■ Assignment
Please return the listing exactly as it stands, skipping any pictures.

■ Dataset extract
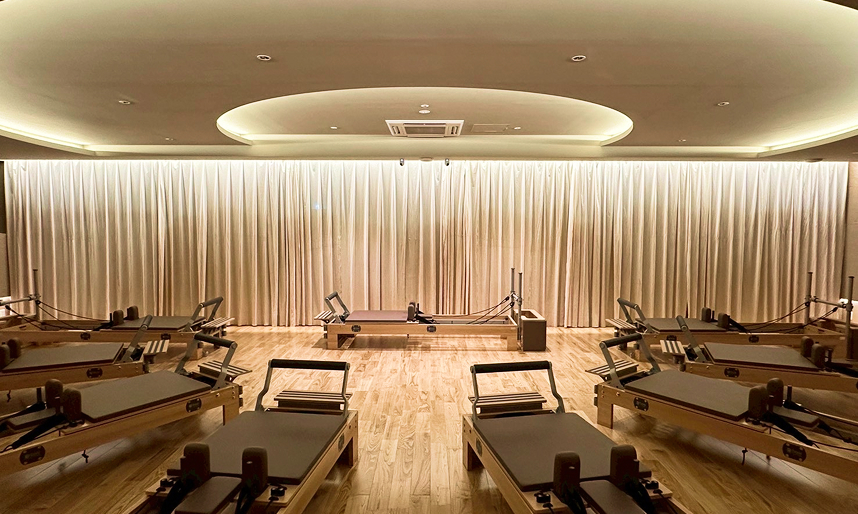 キッチンで過ごす家族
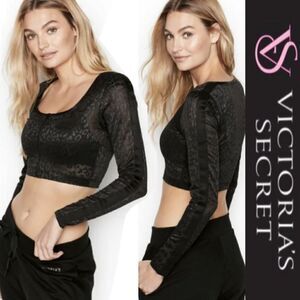 Victoria’s Secret Black Leopard Long Sleeve Active Top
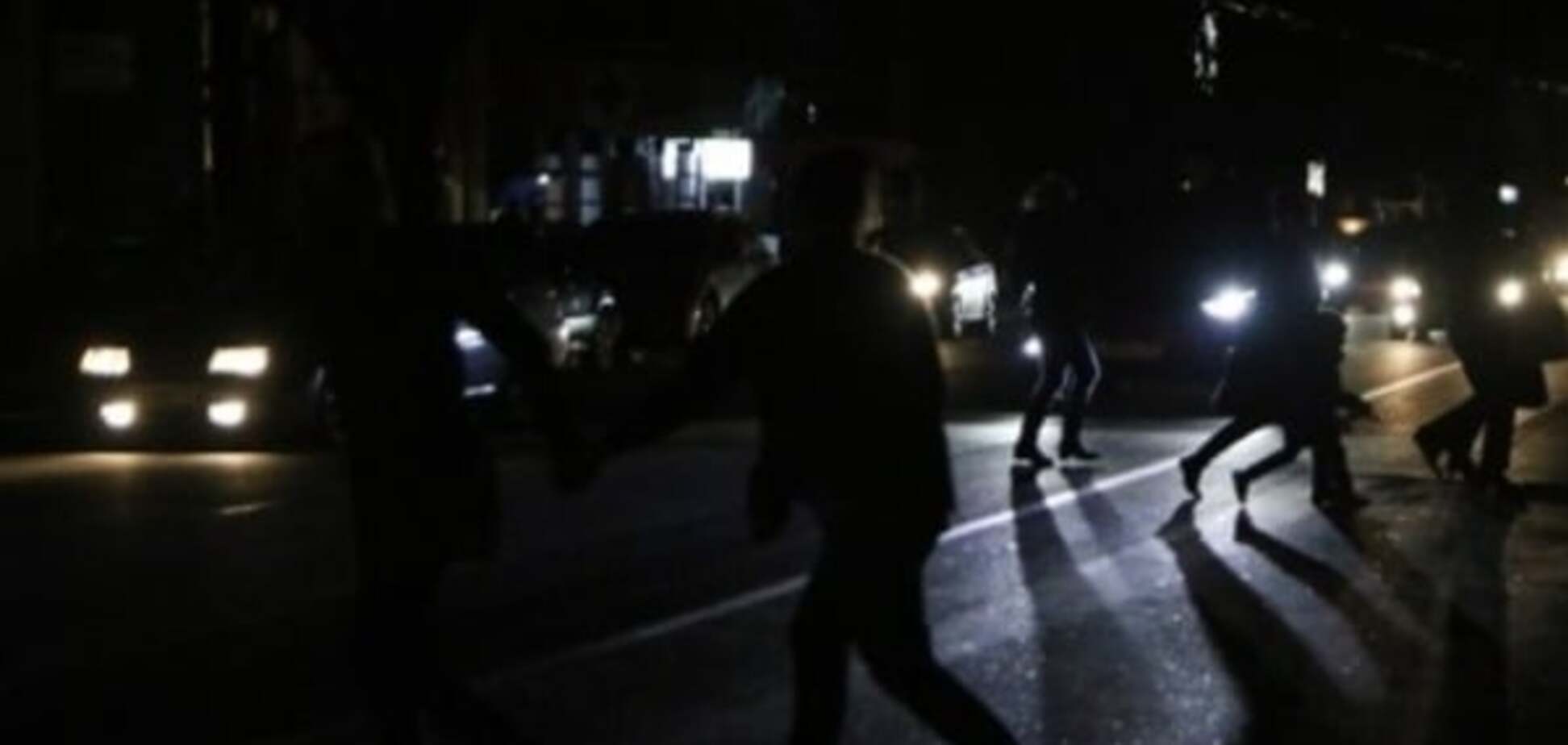 Разъяренные крымчане перекрыли трассу из-за отсутствия света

■ Result for this exercise
 キッチンで過ごす家族
 Victoria’s Secret Black Leopard Long Sleeve Active Top
 Разъяренные крымчане перекрыли трассу из-за отсутствия света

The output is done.